What To Consider When Choosing Your Roof

The roof over your head provides shelter and keeps you and your family secure. When it’s time to purchase a new roof, the decision you make can impact your home’s functionality, safety, and curb appeal.

While you may be tempted to choose your roof based on aesthetics, there are many other factors to consider. Below are eight of the most important things to think about before making your decision.

1. Architectural Design

You’ll want your new roof to match your home’s overall design. While traditional asphalt shingles will look great with just about any home, some roofing materials work best with certain types of architecture. For example, ceramic tiles often look great on antique-style homes while a metal roofing system may be the perfect choice for a contemporary home.

It’s also important to pay attention to the pitch of your roof. The slope will determine how quickly water can drain. If you’re dealing with one that’s exceptionally low, you may need to choose a roofing material that’s designed to stand up to pooling water.

2. Climate Conditions

Your local climate can have a significant impact on your choice of roofing material. If you live somewhere that gets a lot of rain or snow, you’ll want a material that will stand up to moisture and resist mildew, moss, and algae.

In hot climates, materials like slate, concrete, and terracotta are often the optimal choice. Homes in colder areas may benefit from having metal, slate, or asphalt shingle roofs.


3. Energy Efficiency

Choosing a material that reflects the sun’s heat away from your home can make it more energy efficient.
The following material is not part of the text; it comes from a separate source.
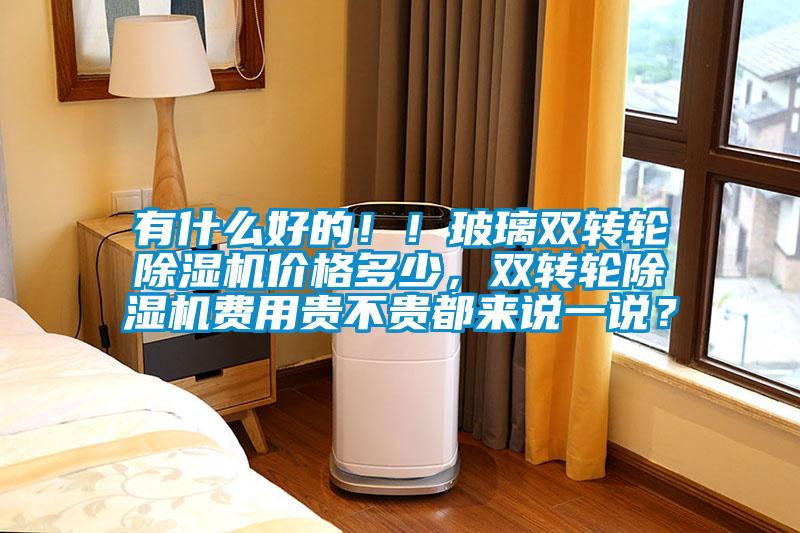 有什么好的?。〔Ａщp轉(zhuǎn)輪除濕機(jī)價(jià)格多少，雙轉(zhuǎn)輪除濕機(jī)費(fèi)用貴不貴都來說一說？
This will give your AC unit a break and save you money on your electric bills. If you’re looking for an eco-friendly solution, metal roofs, asphalt shingles, and light colored “cool roofs” are all options to consider.
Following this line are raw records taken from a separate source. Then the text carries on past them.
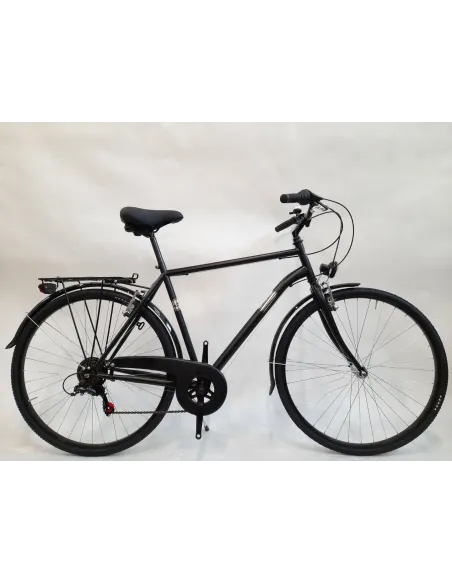 Męski Rower Miejski 28 Alpina 6 Biegów Światła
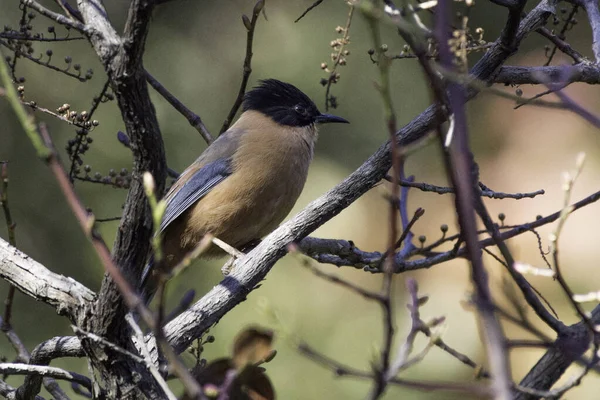 Een Vogel Een Boom — Stockfoto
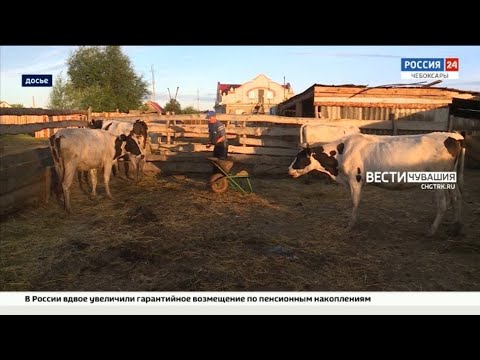 Видео: Владельцам ЛПХ Чувашии становится невыгодно держать коров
4. Building Codes & Restrictions

Some states put limitations on the types of roofs you can install or require certain minimum installation requirements. This is common in areas where the risk for tornados, hurricanes, and forest fires is high.
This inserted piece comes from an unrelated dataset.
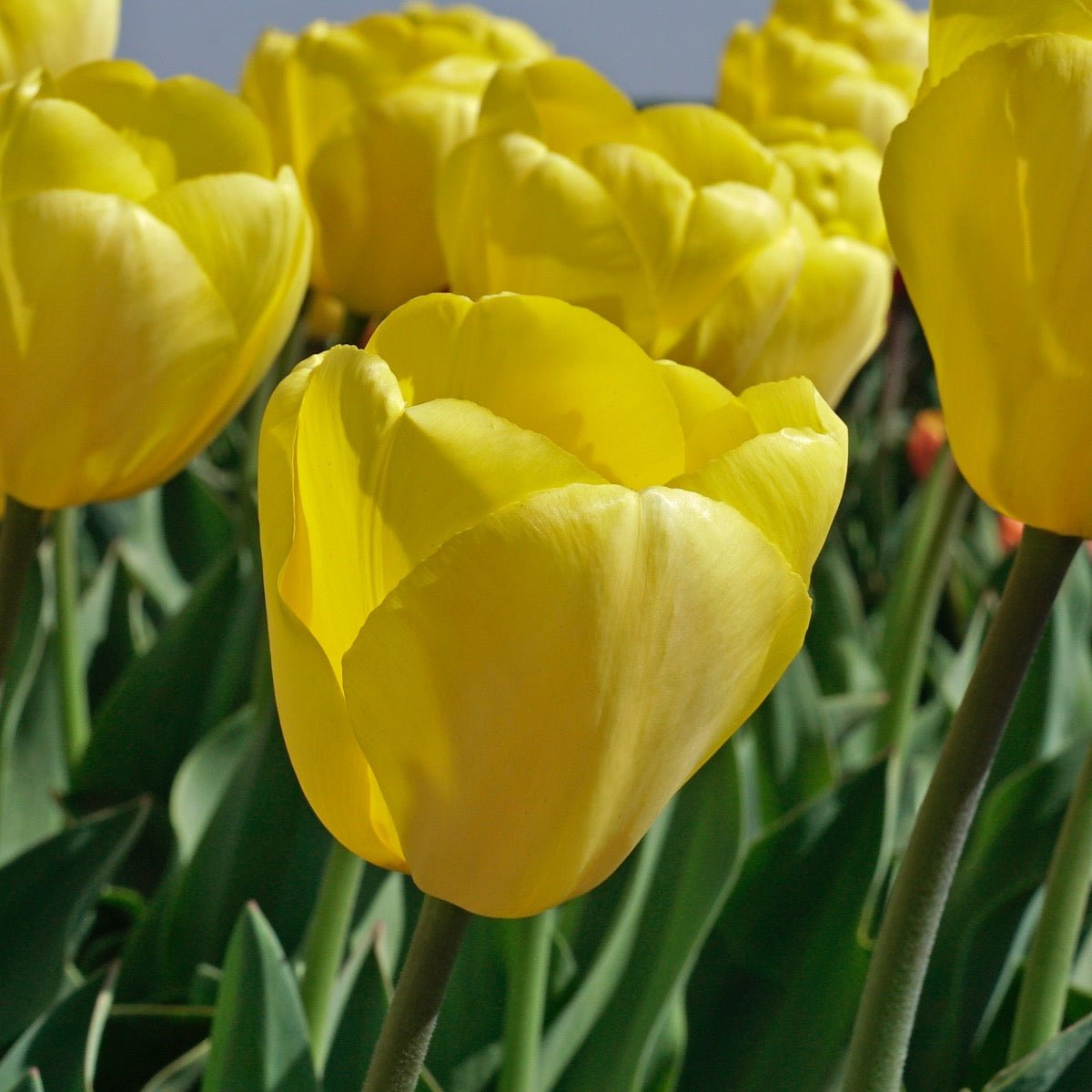 Novi Sun - Tulips - Fluwel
Many municipalities also have their own building requirements that dictate the types and grades of roofing materials you can use. If you live in an area with a homeowner’s association (HOA), you may also need to adhere to certain building covenants that provide a list of acceptable types of roofing materials, colors, and styles you may choose.



5. Aesthetics

When choosing your new roof, you’ll want to select a style that appeals to your tastes and also complements your home and its surroundings. While beauty is only skin deep, a gorgeous roof will accent the rest of your home and elevate your curb appeal.

There’s a big difference in the aesthetic impact of different types of roofing materials, so take the time to figure out which styles you really love. If you’re not sure, try consulting with a designer who can help you weigh your options.

6. Durability

Adding a new roof to your home is a big commitment, so you want to make sure the material you choose is going to last. This is particularly important if you live in an area that is prone to disasters like fast-moving wildfires, hurricanes, or hailstorms. For example, a slate, metal, or asphalt tile roof is less likely to ignite when coming into contact with sparks from a nearby fire.


7. Longevity

Some materials, like slate or tile, are designed to last for 50 years or longer. On the other hand, a traditional asphalt shingle roof will only last for about 20 years. When choosing your roofing material, consider how long you plan to stay in your home. If you think you’ll sell in less than 20 years, it may make more sense to choose a less expensive option with a shorter lifespan.   

8. Price Range

While cost shouldn’t be your only deciding factor, it’s definitely an important consideration. The brand, quality, and production cost of various materials will impact the overall expense. Durable, high-quality materials tend to cost more. However, it’s important to remember that just because something is expensive, it’s not always better. It’s important to do your research and determine whether the cost is appropriate based on the material’s quality and reputation. 


Are You Ready to Make Your Move?

Since it’s such a big decision, it’s smart to do a bit of research before moving forward with your roof construction project. After weighing all the factors above, you should have a better idea of the style of roof that will work best for your home. When in doubt, be sure to consult with a qualified expert who can help you make a selection that works for your budget, your home, and your sense of style.